That model was calibrated for a world where a motivated human attacker needed days to weeks to develop a working exploit for a known vulnerability, and months to discover new ones. The Zero Day Clock's data makes clear that this calibration is obsolete. When AI can find 100 new kernel vulnerabilities in 30 days at $4 each, and generate a working exploit within hours of a CVE being published, the question a quarterly red team engagement answers, which is "could an attacker with significant time and skill compromise this system," is no longer the relevant question. The relevant question is "what can an attacker with $50 and an AI agent do to this system in the next 4 hours."

Continuous AI red teaming answers the right question. By running adversarial simulations continuously against production configurations, rather than against a snapshot taken once per quarter, it surfaces exploitable conditions as they emerge rather than weeks after they have been present. It also directly addresses the Verifier's Law asymmetry: a continuous AI red teaming system gives defenders fast, automated feedback on whether a given configuration is exploitable, compressing the defensive verification cycle rather than leaving it at the mercy of noisy, manual alert triage.

The 2025 Verizon DBIR data on exploitation as the primary initial access vector makes the cost of periodic testing explicit: every day between engagements is a day during which newly disclosed and newly exploitable conditions are present in production without being detected by the security team's own testing.

What continuous AI red teaming looks like in practice

Continuous AI red teaming is not a rebranded vulnerability scanner. Scanners identify the presence of known-vulnerable software versions. They do not simulate what an attacker with AI tooling can actually do with those vulnerabilities in the specific configuration of your environment.

The distinction matters because exploitability depends on context: network segmentation, authentication controls, adjacent service exposure, and the specific combination of vulnerabilities present. A known-vulnerable library running behind three layers of authentication and without external network access presents a fundamentally different risk profile than the same library in an externally-facing service with permissive egress. Scanners report both at the same CVSS severity. A red team simulation surfaces the difference.

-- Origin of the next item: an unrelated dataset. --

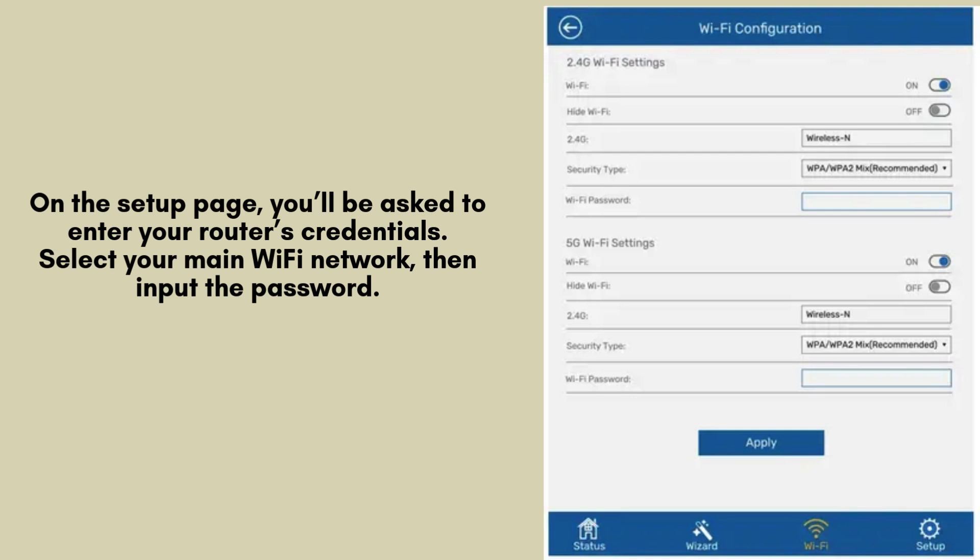On the setup page, you'll be asked to enter your router's credentials. Select your main Wi-Fi network, then input the password. Next, give your extended network a name, or keep it the same as your main network for seamless roaming. Click Apply to complete the setup.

Repello's ARTEMIS is built for this specific requirement: continuous adversarial testing across AI application configurations, agentic pipelines, and LLM deployment architectures, running the same attack techniques that AI-assisted offensive tools now execute at commodity cost. For teams that also need runtime protection during the window between exploitation and patching, ARGUS operates at the inference layer, enforcing behavioral constraints and blocking anomalous agent actions before they complete.

Together they address both sides of the Zero Day Clock problem: ARTEMIS compresses the detection gap by continuously testing whether current configurations are exploitable, and ARGUS provides runtime enforcement for the period when the patch cycle has not yet caught up with the exploitation window.

Conclusion

The Zero Day Clock is not a warning about a future state. It is a measurement of the present one. The median exploitation window is now measured in hours, 67% of exploited CVEs in 2026 are weaponized before or on the day of disclosure, and AI has reduced the cost of a working exploit to single-digit dollars. The patch cycle that takes 20 days on average is not competing with that timeline. It is not in the same category.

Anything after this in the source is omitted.